### TASK DETAILS
Although the data holds pictures, return only the lines from the one containing "Photo2: 6023T08z610 Vintage" to the end, exactly, and without them.

### DATA FOR ANALYSIS
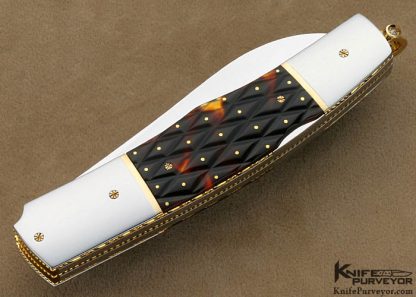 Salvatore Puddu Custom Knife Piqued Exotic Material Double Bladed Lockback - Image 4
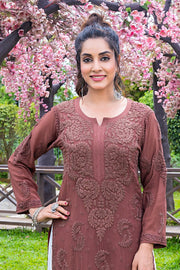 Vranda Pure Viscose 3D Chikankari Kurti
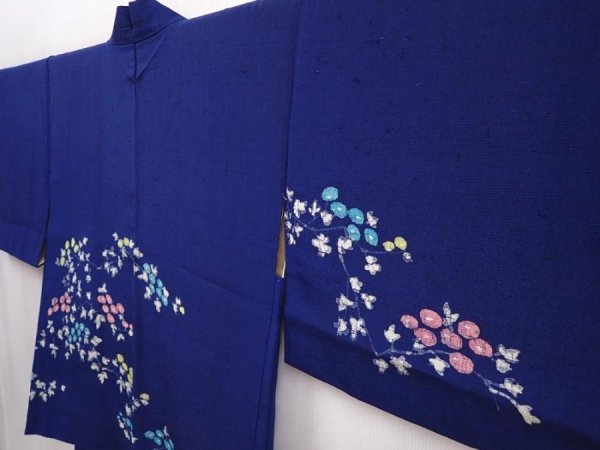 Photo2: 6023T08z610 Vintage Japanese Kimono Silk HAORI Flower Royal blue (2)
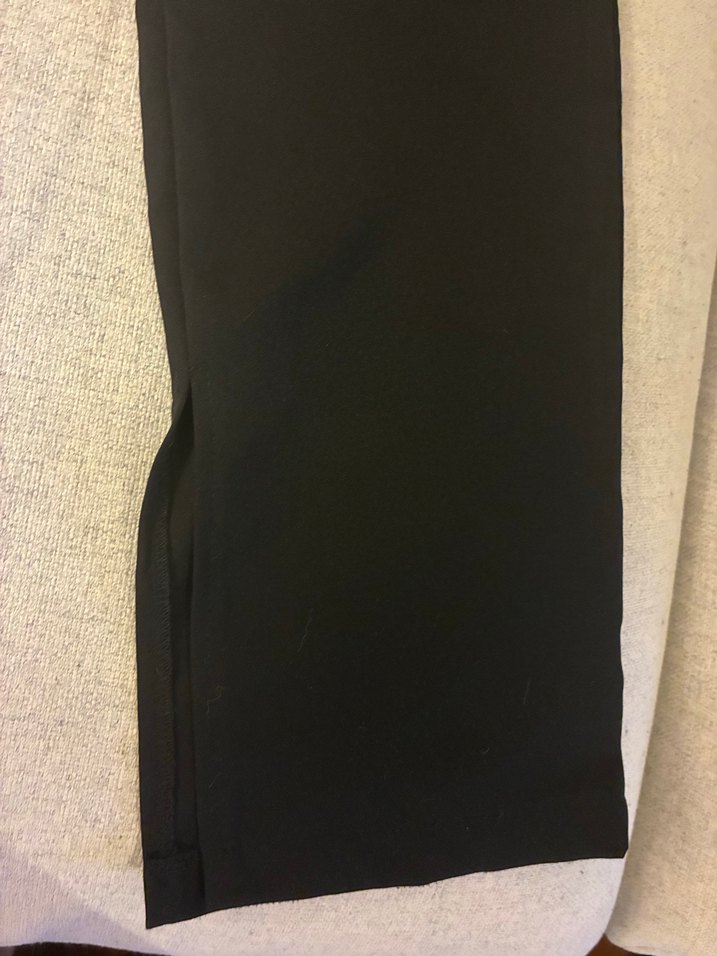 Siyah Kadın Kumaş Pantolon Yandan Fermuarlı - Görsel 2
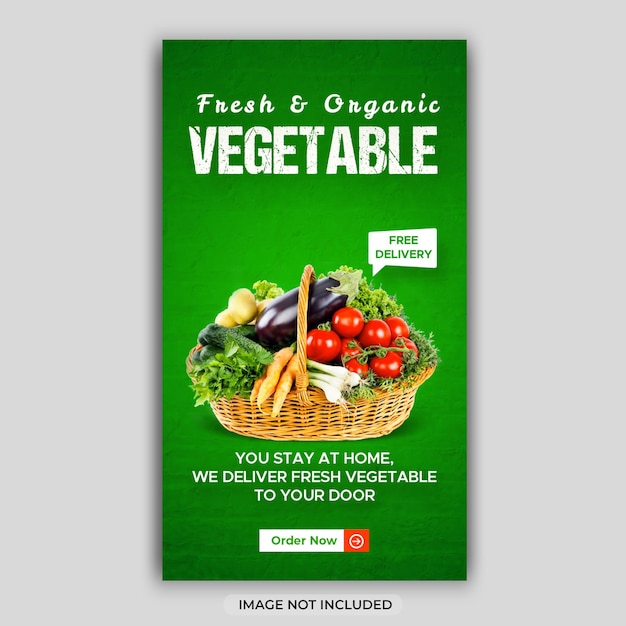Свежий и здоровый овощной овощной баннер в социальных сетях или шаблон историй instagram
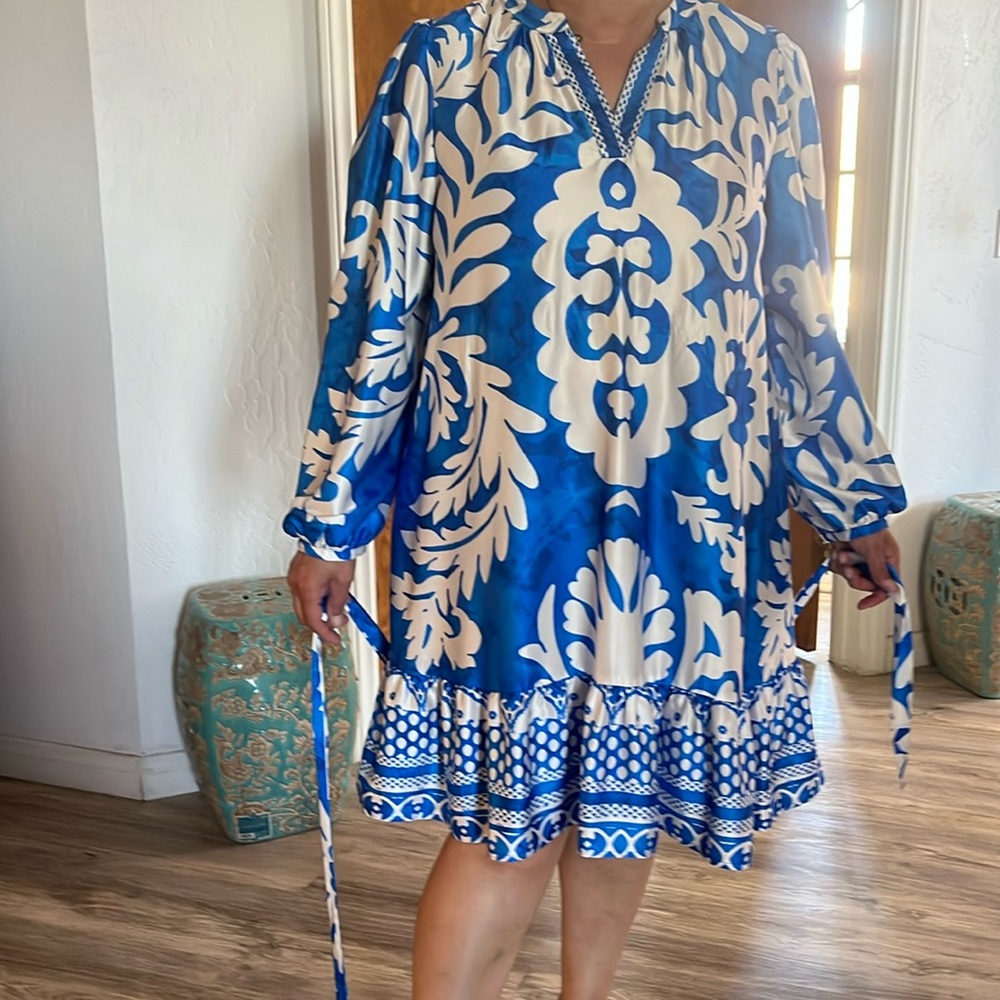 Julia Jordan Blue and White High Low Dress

### TASK ANSWER
 Photo2: 6023T08z610 Vintage Japanese Kimono Silk HAORI Flower Royal blue (2)
 Siyah Kadın Kumaş Pantolon Yandan Fermuarlı - Görsel 2
Свежий и здоровый овощной овощной баннер в социальных сетях или шаблон историй instagram
 Julia Jordan Blue and White High Low Dress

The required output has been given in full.